Sparta Capital Ltd. Announces Third Tranche of Previously Announced Private Placement

Not for distribution to U.S. Newswire Services or for dissemination in the United States of America. Any failure to comply with this restriction may constitute a violation of U.S. Securities laws.



Calgary, Alberta (FSCwire) - Sparta Capital Ltd. (TSXV:SAY.H) (the “Corporation” or “Sparta”) is pleased to announce that it intends to complete the third tranche (the "Third Tranche") of its previously announced equity private placement (the “Offering”). Pursuant to the Offering, Sparta will issue up to 18,800,000 units (“Units”) of the Corporation at a price of $0.05 per Unit for gross proceeds of up to $940,000. Each Unit will be comprised of one common share ("Common Share") and one share purchase warrant ("Warrant") of the Corporation.  Each Warrant will entitle the holder thereof to acquire an additional Common Share at a price of $0.05 per Common Share for up to twelve (12) months following the date of issuance (the “Warrant Expiry Date”), following the closing of the Offering, unless the volume weighted average trading price of the Common Shares on the NEX (“NEX”) a separate board of the TSX Venture Exchange Inc. (the “TSX Venture Exchange”) (or the TSX Venture Exchange, if applicable, pursuant to the Corporation graduating to the TSX Venture Exchange resulting in the Common Shares being traded on the TSX Venture Exchange) during the 20 business days immediately prior to the date for which such calculation is made of the Common Shares is greater than $0.14 (the “Trigger Event”). If the Trigger Event occurs, the Warrant Expiry Date may be accelerated, in the Corporation's sole discretion, to 30 business days from the Trigger Event date.

 

Following the close of the first and second tranches of the Offering the Corporation has issued 14,434,000 Units for gross proceeds to the Corporation of $721,700 and the Corporation has fully repaid all outstanding debt held by the Corporation's wholly owned subsidiary Newport Environmental Technologies Ltd., as previously disclosed in the Previous News Releases (as defined below).
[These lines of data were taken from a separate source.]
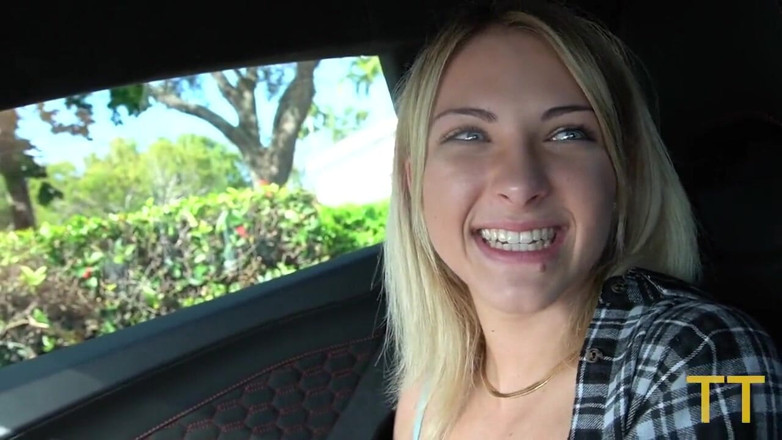 Teddy Tarantino: 19-letnia Emma Bugg dostaje Wielkiego Kutasa Teddy Tarantino w jej...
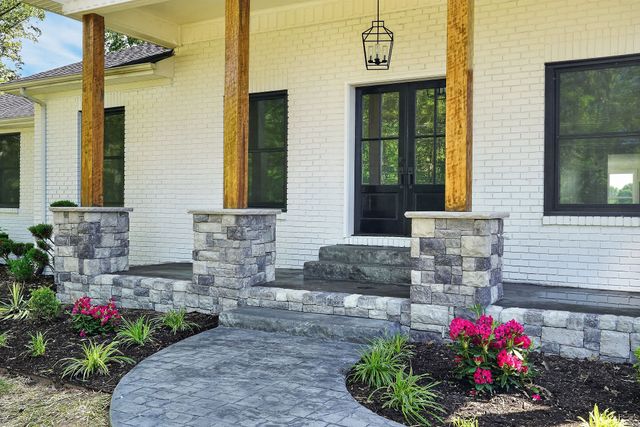 28 Lakeland Dr, Mcminnville, TN 37110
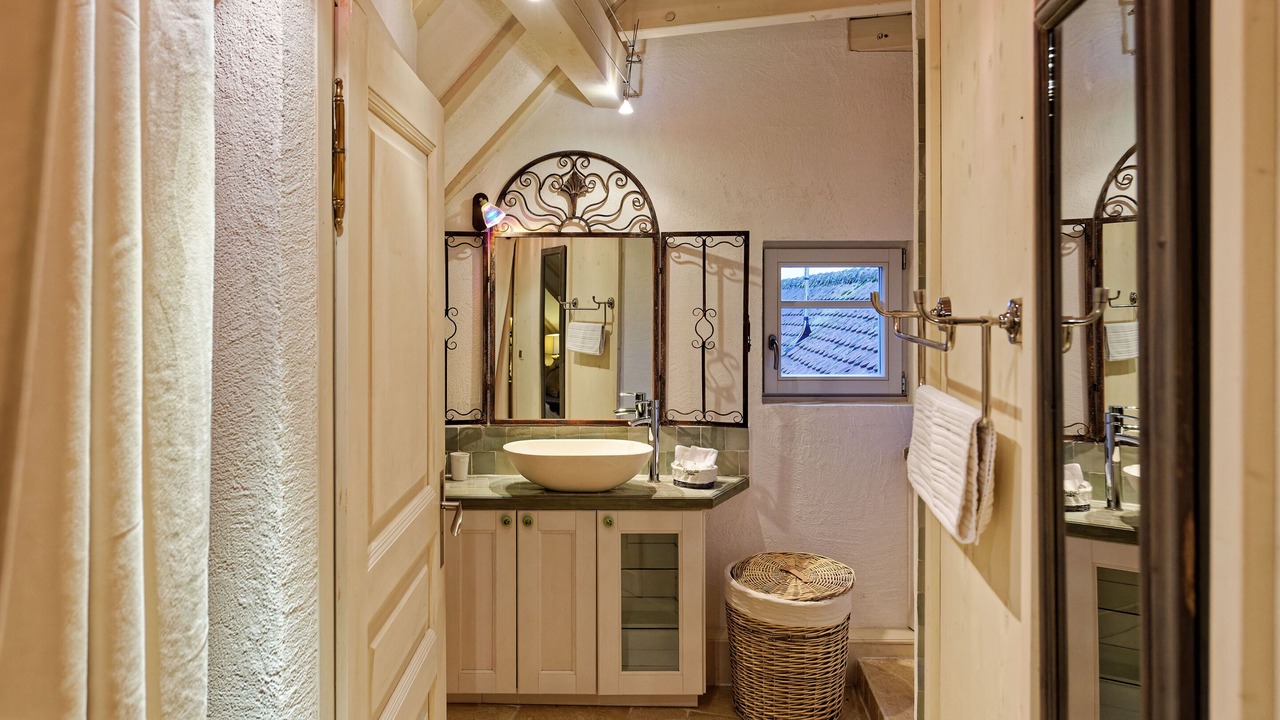 Photo of Bathroom in Riquewihr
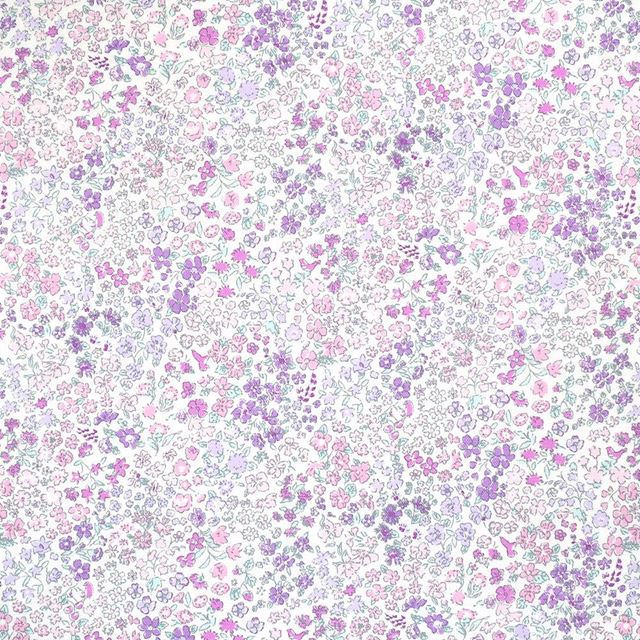 カラフルキャンディスタイルの家庭科の授業に欠かせない裁縫バッグ。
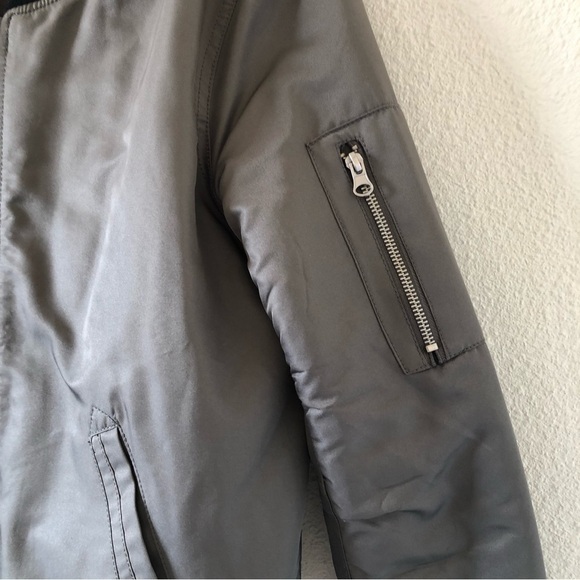 Forever 21 Women’s Bomber Jacket Size Small Olive Green Black Trim Sporty Casual - Picture 2 of 6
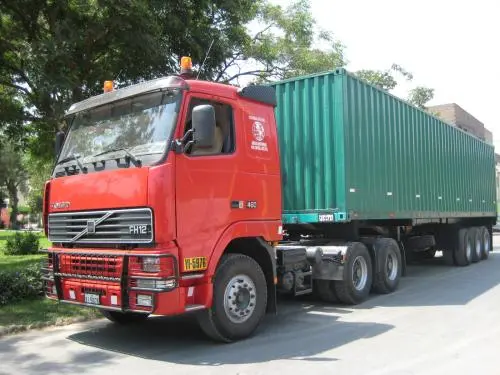 TRANSPORTE DE CARGAS Y MUDANZAS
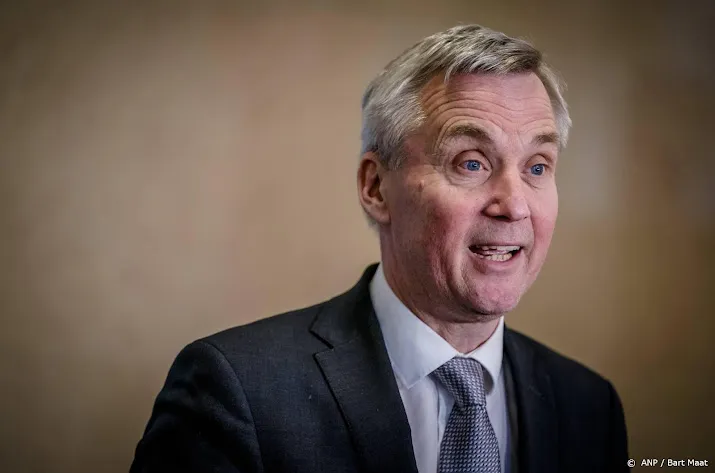 van der burg minder opvangplekken maar ook minder instroom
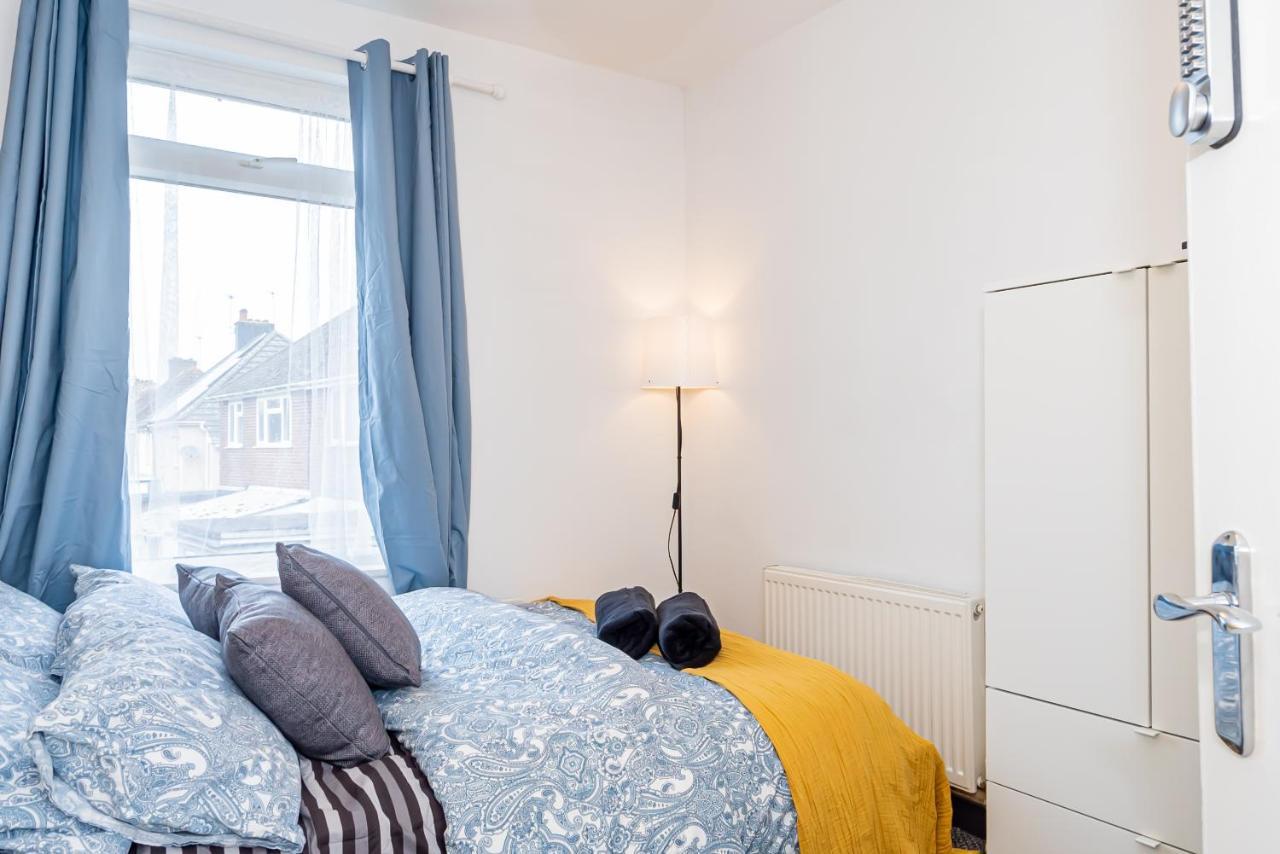 Shirley House 3, Guest House, Self Catering, Self Check In With Smart Locks, Use Of Fully Equipped Kitchen, Close To City Centre, Ideal For Longer Stays, Walking Distance To Bat, 20 Min Drive To Fawley Refinery, Excellent Transport Links Southampton Exterior photo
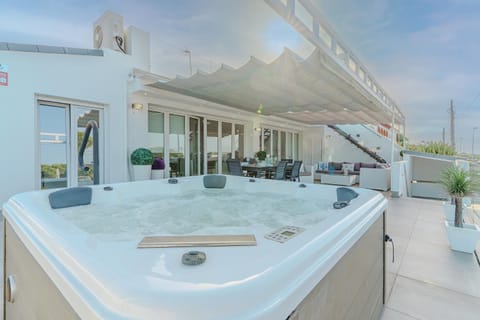 Natural landscape, Hot Tub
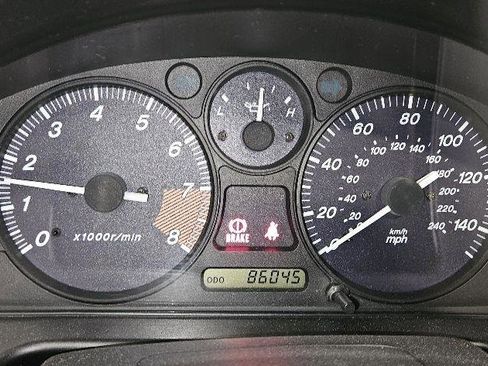 Used 1999 MAZDA MX-5 Miata image 12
For further information on the Offering please refer to the news releases of February 15, 2015, March 6, 2015 and May 4, 2015 (the "Previous News Releases") of the Corporation available on www.sedar.com.

 

The Corporation will not pay finders’ fees in cash or securities of the Corporation in connection with the Offering.

 

Closing of the Third Tranche is subject to certain conditions including, but not limited to, the receipt of all necessary approvals including the approval of the NEX, a separate board of the TSX Venture Exchange. Pursuant to applicable securities laws, all securities issued pursuant to the Third Tranche will be subject to a hold period of four months plus one day following the closing of the Third Tranche.

 

The proceeds from the Third Tranche will be used by the Corporation for general working capital purposes.

 

The company is pleased to announce the appointment of Alyn D. Patterson CPA, CA as Chief Financial Officer, replacing the retiring CFO.  Alyn qualified as a Chartered Accountant in December 1972 and is a member of the Chartered Professional Accountants of Ontario.  He was a partner in an International Public Accounting firm for 5 years and has spent the majority of his professional career servicing the needs of numerous entrepreneurial-based businesses.  His experience will compliment the human resources Sparta has to assess future growth opportunities.

 

Finally, the Corporation is pleased to announce the on-line publication of a new Investor Presentation, intended to update all stakeholders about the developments that have taken place this past year, since the acquisition of all the outstanding shares of Newport Environmental Technologies Ltd. The presentation can be viewed at http://www.spartacapital.com/sparta-the-future/

 

About Sparta

 

Sparta Capital Ltd. fosters and distributes a range of energy efficient solutions. Late last year, the company acquired all of the outstanding shares in Canadian based Newport Environmental Technologies Ltd. Now under the Sparta banner, they are in the process of securing several other licenses for technologies developed to save fuel while reducing carbon emissions in various markets. This year, Sparta established three new divisions, Sparta Technologies 4 Mining Ltd; to cater to the special needs of the mining industry, Illumineris Inc.; a company that focuses on glow-in-the-dark safety products, and ReECO Conversion Technologies Ltd.; a biomass conversion division. Visit www.spartacapital.com

 

 

For further information please contact:

 

Tom Brown, President

Email: tbrown@spartacapital.com

Telephone: (306) 491-6323

 

Cautionary Statements

 

This news release contains “forward-looking information” within the meaning of applicable securities laws relating to the proposal to complete the Offering (all references to the “Offering” in these “Cautionary Statements” will include reference to the “Third Tranche”) and any associated transactions, including statements regarding the terms and conditions of the Offering.  Although the Corporation believes in light of the experience of its officers and directors, current conditions and expected future developments and other factors that have been considered appropriate that the expectations reflected in this forward-looking information are reasonable, undue reliance should not be placed on them because the Corporation can give no assurance that they will prove to be correct. Readers are cautioned to not place undue reliance on forward-looking information. Actual results and developments may differ materially from those contemplated by these statements depending on, among other things, the risks that the Corporation will not proceed with the Offering and any associated transactions, that the ultimate terms of the Offering and any associated transactions will differ from those that currently are contemplated, and that the Offering and any associated transactions will not be successfully completed for any reason (including the failure to obtain the required approvals or clearances from regulatory authorities). The statements in this press release are made as of the date of this release. The Corporation undertakes no obligation to comment on analyses, expectations or statements made by third-parties in respect of the Corporation.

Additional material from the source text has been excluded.